In the wake of a similar decision by the UK, the Netherlands has asked its retail chains to clearly label Israeli products made beyond the 1949 ceasefire line, as not being made in Israel.
This decision follows an EU recommendation for its member states to boycott goods from Jewish communities in that area, which includes Judea, Samaria, eastern Jerusalem and the Golan Heights. Guidelines were published in 2012 after a meeting by EU foreign ministers that said that "the European Union and its members are obligated to fully and effectively implement existing EU legislation and agreements with Israel regarding products from the settlements."
On Wednesday a circular from the Dutch Foreign Ministry, placed on the website of the Ministry of Economic Affairs, advised stores to replace the existing "Made in Israel" labels with labels reading “Product from Israeli settlement (West Bank/Golan Height /East Jerusalem).”
There will, however, be no punitive measures for those retailers who choose not to comply and the Netherlands is not making it illegal to import products from these areas.
This labeling will affect chicken, cosmetics, eggs, fish, fresh fruit, honey, meat, vegetables and wine.

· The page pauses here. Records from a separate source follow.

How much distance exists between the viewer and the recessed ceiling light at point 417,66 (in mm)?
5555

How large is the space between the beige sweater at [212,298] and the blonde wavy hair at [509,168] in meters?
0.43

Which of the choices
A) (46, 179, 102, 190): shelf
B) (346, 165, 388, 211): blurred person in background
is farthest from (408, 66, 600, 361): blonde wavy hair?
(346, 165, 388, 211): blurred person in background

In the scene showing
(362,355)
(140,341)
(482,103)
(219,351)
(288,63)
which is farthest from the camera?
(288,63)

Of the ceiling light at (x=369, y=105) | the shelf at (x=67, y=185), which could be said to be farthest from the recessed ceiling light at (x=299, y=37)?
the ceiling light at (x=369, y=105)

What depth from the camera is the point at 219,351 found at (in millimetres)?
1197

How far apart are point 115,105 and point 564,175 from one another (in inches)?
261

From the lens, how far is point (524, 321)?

Ynet is reporting that the Foreign Ministry has responded to the decision by saying, "If the purpose of labeling settlement goods is to inform the public that the origin of the product is from a disputed area, then all products from all disputed areas in the world must be marked. Otherwise, it is blatant discrimination against Israel."
"Settlement products, like the products from within the Green Line are proudly blue and white. The State of Israel will stand united against any attempt to boycott its products," their spokesman added.
This could be a further step in what is becoming an international trend and a major concern to Israel. In August last year, South Africa implemented a measure requiring special labeling for goods which originate from Israeli settlements. These products will no longer receive the "Made in Israel" label. At the time Israel's Foreign Ministry said that this requirement was "totally unacceptable" and "blatant discrimination".
Ireland and Denmark have shown their support for a similar labeling initiative.